YOUR INSTRUCTIONS
Output the listing word for word, minus pictures.

SUPPLIED DATA
__________

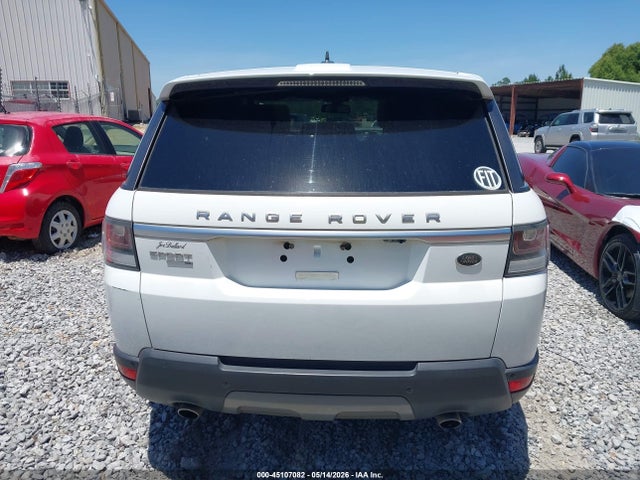Land Rover Range Rover Sport 3.0l V6 Supercharged Se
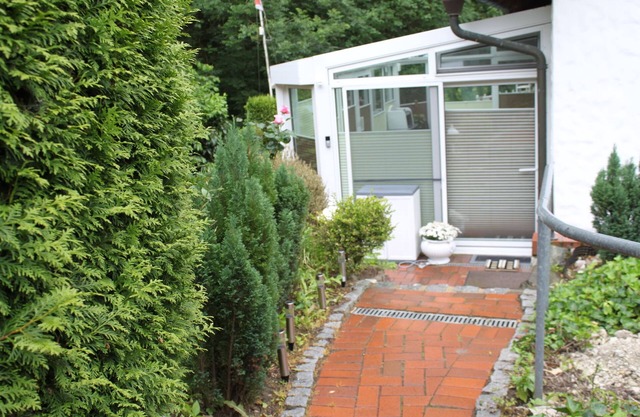 Waldoase im Herzen des "teutoburger Waldes"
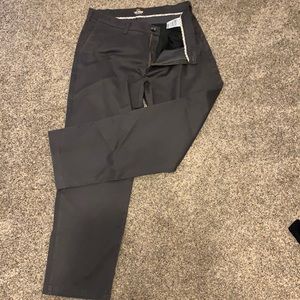 Men’s dress pants gray, never worn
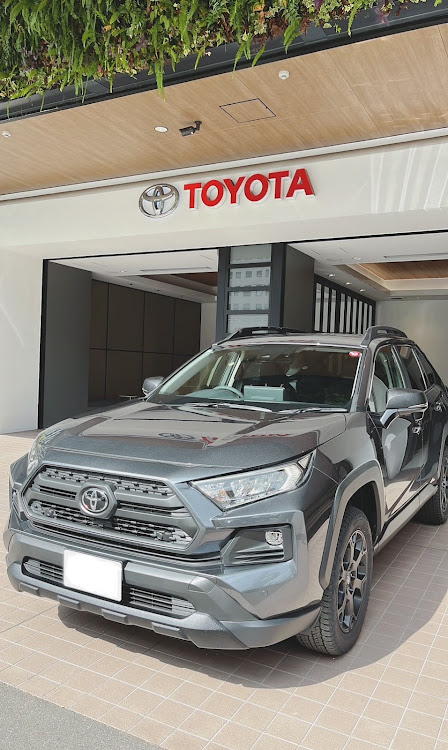 13051さんが投稿したオフパケ2・RAV4・福岡に関するカスタム事例の投稿画像1枚目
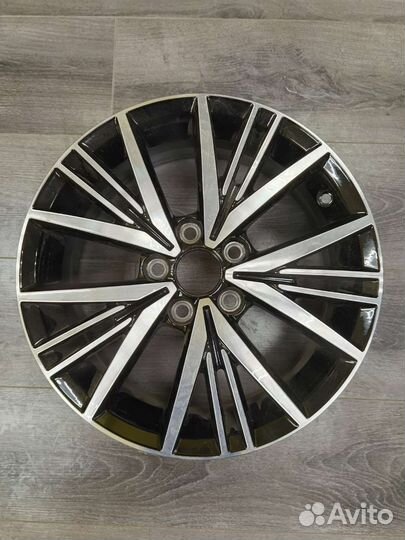 Диски Volkswagen Polo 6.0x15 PCD 5x100 ET40 D57.1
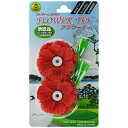 ゴルフ ティー 花 フラワー折れにくい なくならない 高さ調整自在高さ 83mm ゴルフ規則に適合 承認品フラワーティー カーネーション Bゴルフ用品 ライト(...
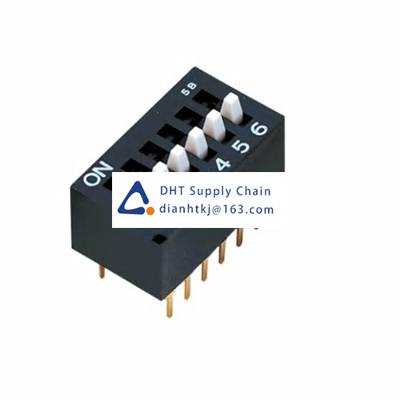Toggle and slide switches NIDEC COPAL ELECTRONICS GMBH_CES-0602MC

__________

COMPLETED TASK
Land Rover Range Rover Sport 3.0l V6 Supercharged Se
 Waldoase im Herzen des "teutoburger Waldes"
 Men’s dress pants gray, never worn
 13051さんが投稿したオフパケ2・RAV4・福岡に関するカスタム事例の投稿画像1枚目
 Диски Volkswagen Polo 6.0x15 PCD 5x100 ET40 D57.1
 ゴルフ ティー 花 フラワー折れにくい なくならない 高さ調整自在高さ 83mm ゴルフ規則に適合 承認品フラワーティー カーネーション Bゴルフ用品 ライト(...
Toggle and slide switches NIDEC COPAL ELECTRONICS GMBH_CES-0602MC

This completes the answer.